Ages 15 to 16
GCSE pupils often have to compare poems - as in the popular AQA Anthologies - but they ask "Where do I start?" Left to their own devices, they often fall back on writing about one poem, then the other, shoving any links into the conclusion, as an afterthought.
I use the mnemonic COPMUDS to focus their comparison. Teach them to take the Content or ideas of the poems - often a good way into the different poets' reactions to the set theme. Move on to crucial literary techniques - Organisation (shape of stanzas, rhyme and punctuation) and Point of View (is it the poet's voice or a persona?) Metaphorical language features, of course, as the "M" but encourage them to look for the Unusual.

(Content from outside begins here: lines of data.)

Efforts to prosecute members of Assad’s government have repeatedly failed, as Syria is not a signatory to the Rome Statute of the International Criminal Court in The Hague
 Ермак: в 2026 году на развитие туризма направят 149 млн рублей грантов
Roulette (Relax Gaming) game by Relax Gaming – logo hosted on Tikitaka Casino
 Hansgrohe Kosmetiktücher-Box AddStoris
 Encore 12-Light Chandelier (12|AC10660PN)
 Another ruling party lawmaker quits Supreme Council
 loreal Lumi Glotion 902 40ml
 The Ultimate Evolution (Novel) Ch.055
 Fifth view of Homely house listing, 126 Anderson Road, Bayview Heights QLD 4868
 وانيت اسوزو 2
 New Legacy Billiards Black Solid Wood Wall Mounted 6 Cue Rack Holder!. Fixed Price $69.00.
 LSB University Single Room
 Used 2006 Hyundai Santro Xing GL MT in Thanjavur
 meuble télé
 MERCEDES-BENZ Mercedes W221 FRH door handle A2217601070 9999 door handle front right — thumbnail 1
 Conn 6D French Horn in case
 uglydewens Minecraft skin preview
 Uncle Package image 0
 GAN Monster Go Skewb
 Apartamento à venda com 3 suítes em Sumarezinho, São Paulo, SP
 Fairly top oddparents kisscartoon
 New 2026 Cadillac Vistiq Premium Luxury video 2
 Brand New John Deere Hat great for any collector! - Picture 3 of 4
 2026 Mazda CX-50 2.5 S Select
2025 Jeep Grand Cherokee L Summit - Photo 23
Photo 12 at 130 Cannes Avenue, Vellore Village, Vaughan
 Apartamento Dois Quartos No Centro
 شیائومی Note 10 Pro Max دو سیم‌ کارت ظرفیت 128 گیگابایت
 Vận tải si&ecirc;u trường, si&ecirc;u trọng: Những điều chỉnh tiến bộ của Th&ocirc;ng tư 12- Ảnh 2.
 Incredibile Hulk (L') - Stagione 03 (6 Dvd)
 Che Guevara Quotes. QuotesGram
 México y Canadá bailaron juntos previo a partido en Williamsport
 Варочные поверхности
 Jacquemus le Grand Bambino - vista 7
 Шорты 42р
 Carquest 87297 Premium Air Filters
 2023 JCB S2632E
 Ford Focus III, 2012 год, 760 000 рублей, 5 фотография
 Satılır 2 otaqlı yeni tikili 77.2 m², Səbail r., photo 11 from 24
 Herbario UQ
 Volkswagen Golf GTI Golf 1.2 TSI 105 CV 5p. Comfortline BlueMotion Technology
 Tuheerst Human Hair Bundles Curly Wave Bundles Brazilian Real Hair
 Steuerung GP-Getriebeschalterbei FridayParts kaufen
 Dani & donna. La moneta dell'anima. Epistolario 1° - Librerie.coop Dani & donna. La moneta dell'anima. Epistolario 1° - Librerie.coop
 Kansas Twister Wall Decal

Pupils often shy away from what is odd or unusual - but this can be precisely what makes a poem worth studying. Differences and Similarities should be written about as they go along.
The essay should be like a game of tennis: each paragraph is a rally, where the ideas go back and forth over the net to connect the poems. If they're tackling those tricky questions on named poets as well as pre-1914 poems, then it's a game of doubles: not every poet has to be touched upon in every rally.
If it's a question on different cultures, they can end where they began, on C - by linking the content to the culture.
John Gallagher is head of English at Stratford-upon-Avon Grammar School for Girls.